Fr. Coleman said that the deliberations leading up to the 1994 ERDs revision were prompted to a certain degree by the high-profile case of Nancy Cruzan, a car accident victim who was intubated and then diagnosed to be in a persistent vegetative state. Her family sought through the court system to have her feeding tube removed, and they won their case in 1990.
The bishops reflected on the morality of withdrawing medically assisted nutrition and hydration from a person in a persistent vegetative state and determined there should be a presumption in favor of continuing tube feeding and hydration as long as the benefits outweigh the burdens to the patient.
Benefits and burdens
In discussing the 1994 revision in directive 58, the bishops questioned the role of technology in sustaining life, acknowledged the importance of considering the patients' welfare and comfort and asked whether medically assisted feeding should be considered a medical treatment or ordinary care.
The pope's allocution, or address, called medically assisted feeding a natural means of preserving life and said it should be considered, in principle, an obligatory means of care for patients. The address, delivered in the year before his death, emphasized the personal dignity of the patient. Fr. Coleman pointed out the pope did not say that medically assisted nutrition could never be withdrawn.

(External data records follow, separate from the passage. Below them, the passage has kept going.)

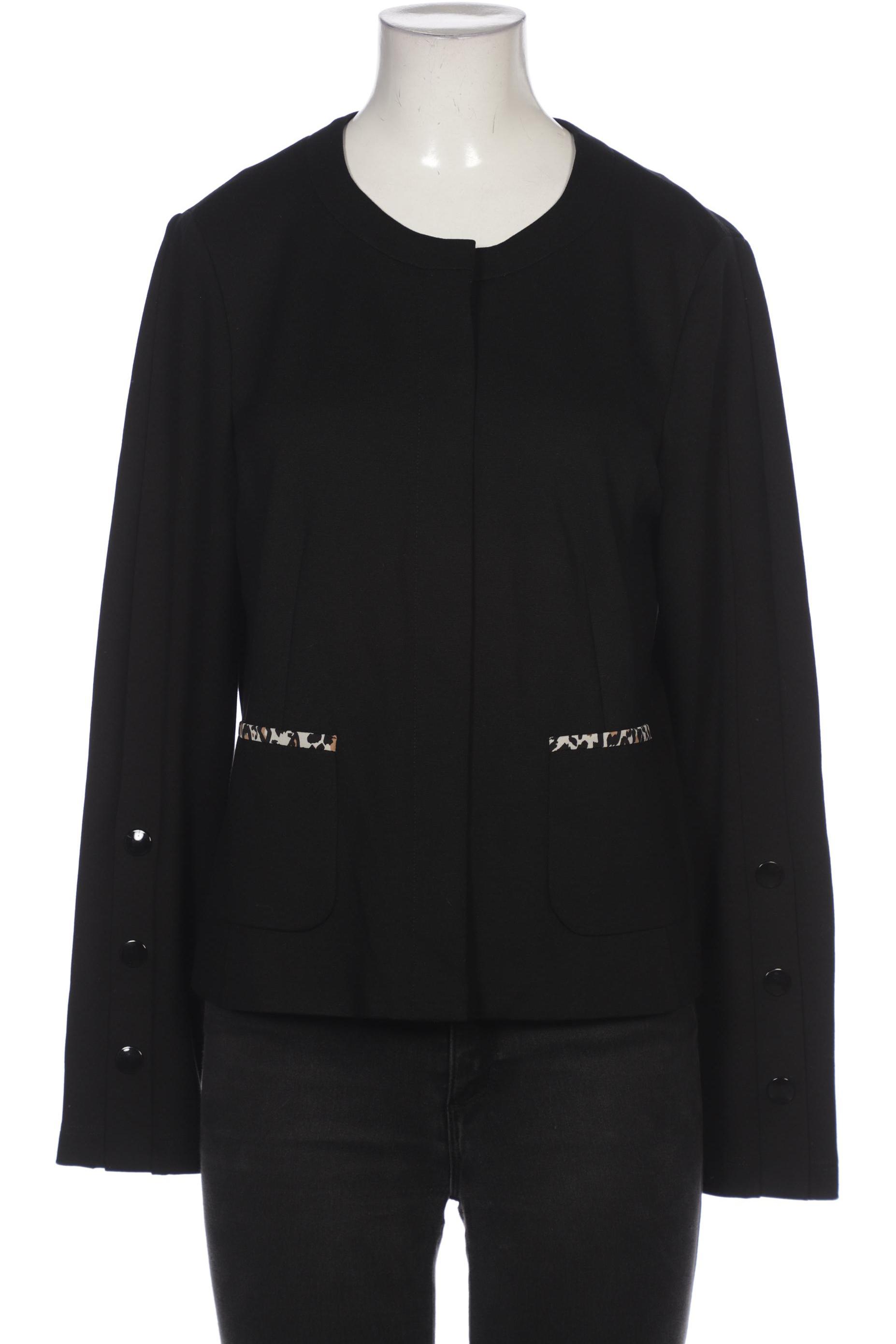 

Gerry Weber Damen Blazer, schwarz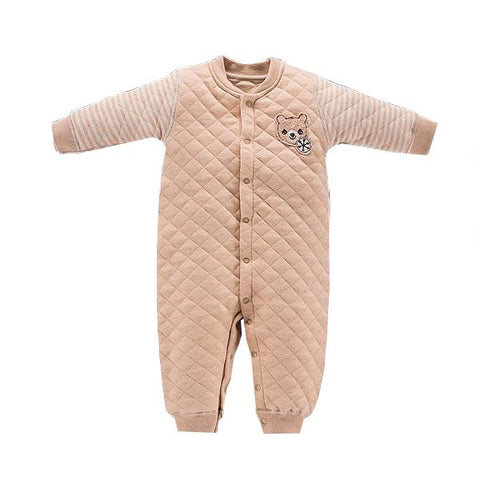 Organic  Baby Rompers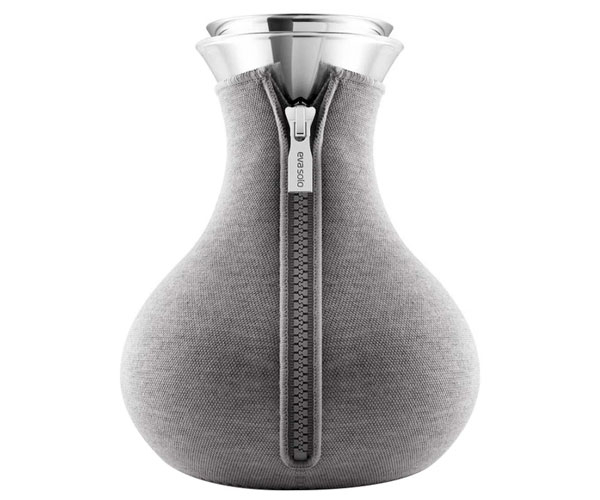 Заварник для чая Eva Solo в темно-сером термочехле 1 л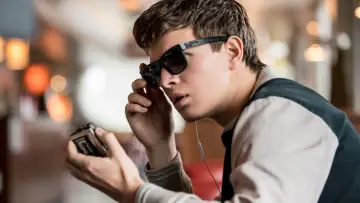 Backdrop to the movie "Baby Driver" #582606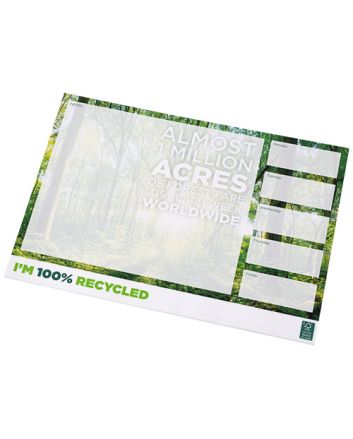 Desk-Mate® A3 recycled notepad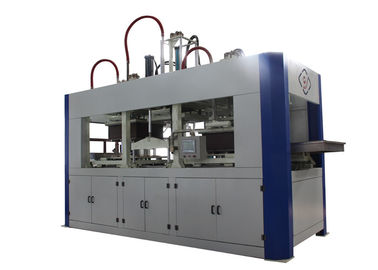 cubeta Ambiental-amigável do molde da polpa que faz a máquina para Pachaging industrial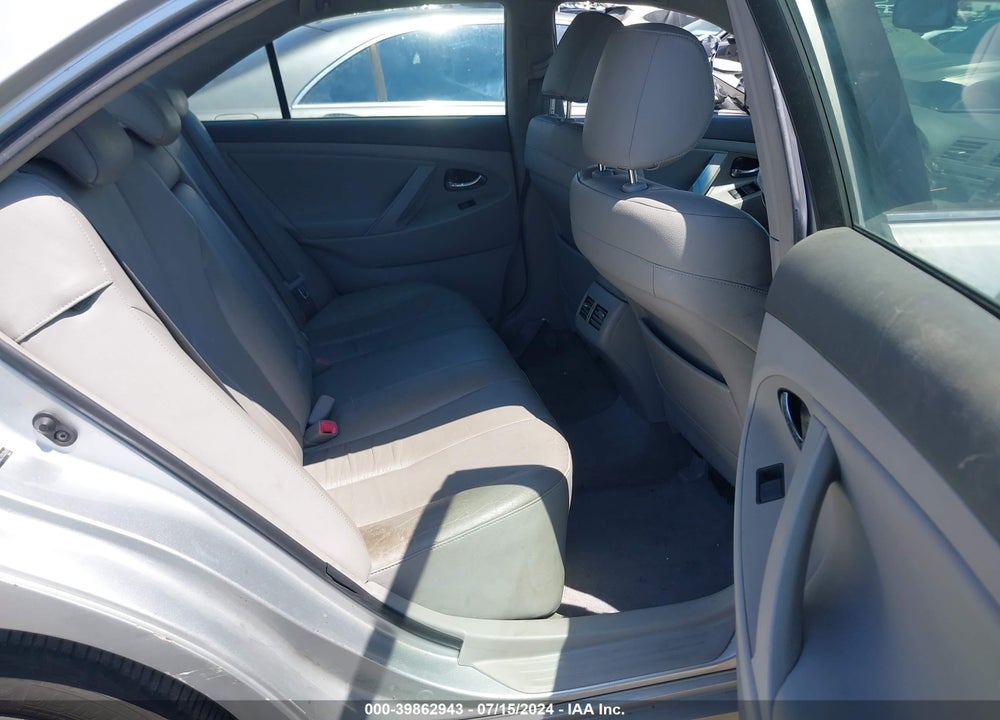 2007 TOYOTA CAMRY HYBRID VIN: JTNBB46K273037669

The pope's statement generated much concern, with many asking whether his pronouncement overturned Catholic teaching in this area. To clarify the pope's statement, the Vatican's Congregation for the Doctrine of the Faith issued a response and commentary in 2007 reaffirming the spirit of the pope's allocution. Fr. Coleman said the commentary confirmed that for patients in a persistent vegetative state "medically assisted means of nutrition and hydration cannot be withdrawn even when competent physicians judge with moral certainty that this patient will never regain consciousness." He added that the commentary gave patients and physicians leave to end tube feeding in limited circumstances, for instance, when it no longer nourished or hydrated the patient.
In 2009, the U.S. bishops revised directive 58 to better reflect Pope John Paul's 2004 speech and the Congregation for the Doctrine of the Faith's 2007 statements. That directive now cites an obligation to provide patients with food and water, including tube feeding, but it notes that this type of feeding becomes optional when a patient is actively dying, the feeding is deemed excessively burdensome or it is causing medical complications. Fr. Coleman explained that if the use of tube feeding causes enormous pain, severe dread or great expense to a patient, for instance, there may be justification under the church's traditional teachings about ordinary and extraordinary care to forgo or withdraw a feeding tube.